* EBIT falls 41 pct, on track for lower FY earnings
* Co-op hit as high dairy prices raise input costs
* Fonterra sticks to strategy to expand branded products (Recasts throughout, adds CEO comments, details)
By Naomi Tajitsu
WELLINGTON, March 26 (Reuters) - Fonterra, the world’s largest dairy exporter, on Wednesday said a steep hit to its first-half earnings won’t stop it from marketing more of its own-brand milk products in China and expand its food services business in the fast-growing market.
The New Zealand dairy co-operative on Wednesday reported a 41 percent fall in first-half earnings after higher input costs from soaring global dairy prices and a lack of capacity to process record-high milk volumes into higher-yielding products hit its margins.
But the farmer-owned co-operative is pushing on with plans to capitalise on increasing dairy demand from China and other countries, where growing middle classes are developing a voracious appetite for cheese, milk formula and other products.
Fonterra has the cash to fund its expansion plans in China after it raised 1.25 billion yuan ($201.53 million) in five-year “dim sum” bonds in January.
In an interview with Reuters, Fonterra CEO Theo Spierings said plans to build a UHT milk processing plant in China, which would be its first manufacturing plant in the company’s largest export market, would likely be announced in 2014 or 2015.
“There’s definitely plans to go into UHT in China because that’s the way forward. Those plans you will see announced and coming to the table in the next financial year,” he said.
Fonterra collected roughly 12 billion litres of milk from its farmers in the six months to Jan. 31, around 60 percent of which was processed into milk powder, mainly for wholesale export. Much of this goes to China to form the base of infant milk formula.
The company has been expanding its presence in the consumer brands and food services space, where it can earn fatter margins. Fonterra entered the Chinese market last year with Anchor-branded UHT milk and its Anmum infant formula products.
Spierings said the company is also expanding its food services operations in China, where more than half of all the pizza sold in the country are topped with Fonterra cheese.

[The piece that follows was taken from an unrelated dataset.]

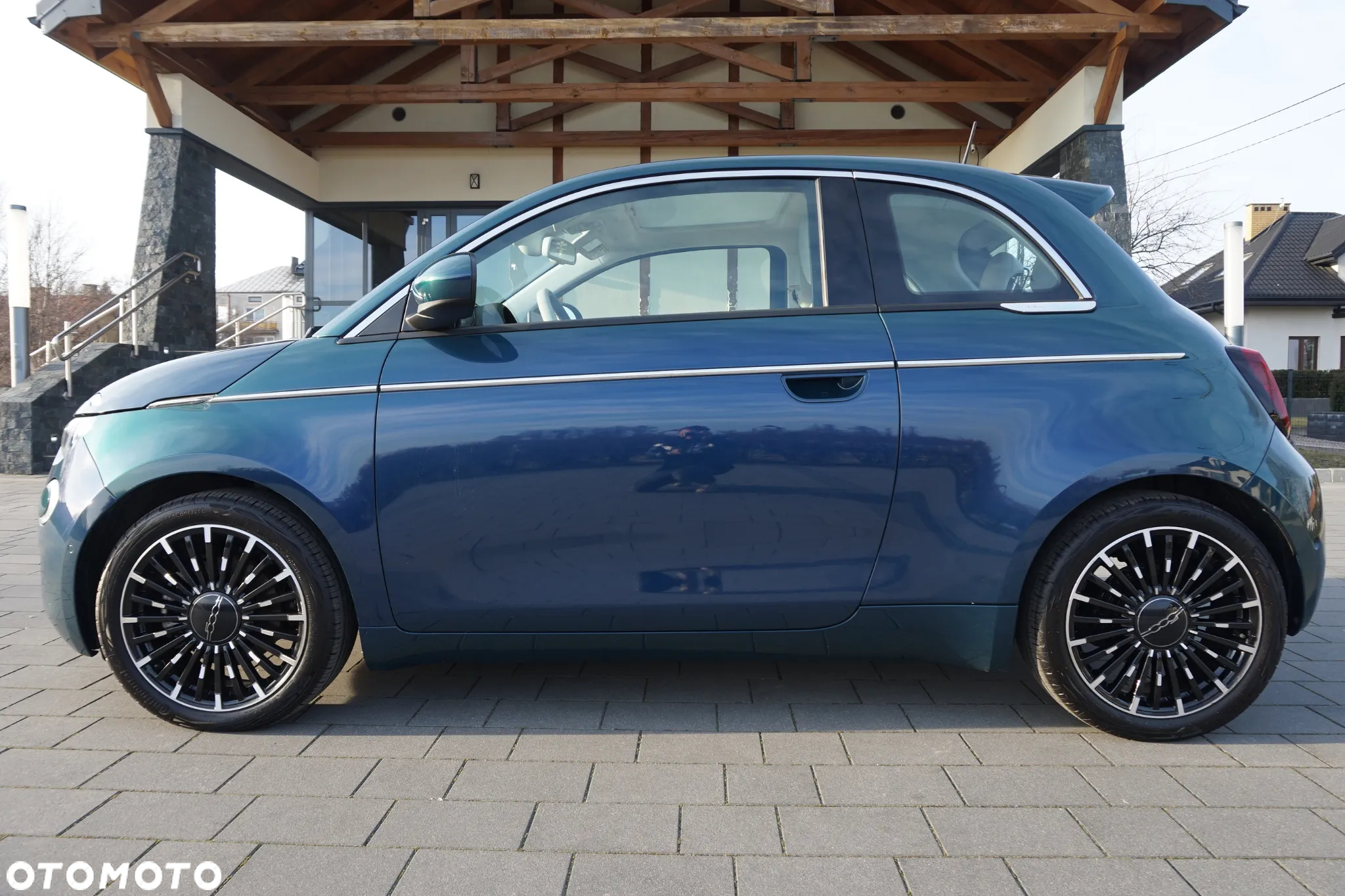 Fiat 500e La Prima - 3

The company supplies cream and butter to restaurants, hotels and fast-food restaurants in Beijing, Shanghai, and 18 other cities, doubling from two years ago.
Beyond China, it has begun construction of a $31 million plant in Indonesia that will package its Anmum, Anchor and Anlene products to sell in the southeast Asian country, a major importer of New Zealand milk powder.
Controlling about a third of global dairy exports, Fonterra should be flying high on the back of the “white gold” rush as it earns its best returns from milk powder, but all-time high world dairy prices have ramped up its input costs while it has struggled to meet demand due a lack of factory capacity.
It maintained its forecast for the price it pays to its farmer shareholders of NZ$8.65 per kilo of milk solids for the year to July.
While this represents a record high farm-gate milk price, it is a discount of 70 NZ cents to its reference price calculated from global dairy prices, as the company cannot afford to pay such a high price given that a bumper dairy season has resulted in all-time high volumes.
Fonterra is obliged to buy milk collected by its farmer shareholders at historically high milk prices. What cannot be made into milk powder has been used for cheese products, which Fonterra said lost money over the period.
To ramp up production capabilities at home, the company is investing an additional NZ$400 million-NZ$500 million to its capital expenditure plans over three years, which it said it would raise through borrowings.
On Wednesday, the company announced that normalised earnings before interest and taxes (EBIT) fell to NZ$403 million ($345 million) for the first half, while net profit after tax fell 53 percent to NZ$217 million.
The company cut its interim dividend to 5 NZ cents per share, and reaffirmed that it expected to pay a full-year dividend of 10 NZ cents per share, down from 32 NZ cents last year.
In December, Fonterra warned that it expected full-year earnings to fall to around NZ$500 million-NZ$600 million from last year’s NZ$1 billion.
Analysts said that the earnings fall reported on Wednesday showed that high dairy prices were hitting global operations.
“They reported the higher input costs, or the milk price, through margin compression across their different businesses,” ANZ rural economist Con Williams said.
The company faces a lawsuit from France’s Danone, which is seeking compensation following last year’s product recall. Fonterra said it had set aside an NZ$11 million provision for the issue as a legal obligation in its contracts with Danone.